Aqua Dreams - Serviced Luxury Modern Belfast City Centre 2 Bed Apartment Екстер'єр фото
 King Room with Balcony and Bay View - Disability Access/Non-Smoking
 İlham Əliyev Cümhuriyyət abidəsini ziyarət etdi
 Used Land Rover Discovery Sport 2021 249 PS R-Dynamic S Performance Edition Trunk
+ + + + + + +
** Description of the task **
Copy down the material above exactly as it is.

** Response **
Aqua Dreams - Serviced Luxury Modern Belfast City Centre 2 Bed Apartment Екстер'єр фото
 King Room with Balcony and Bay View - Disability Access/Non-Smoking
 İlham Əliyev Cümhuriyyət abidəsini ziyarət etdi
 Used Land Rover Discovery Sport 2021 249 PS R-Dynamic S Performance Edition Trunk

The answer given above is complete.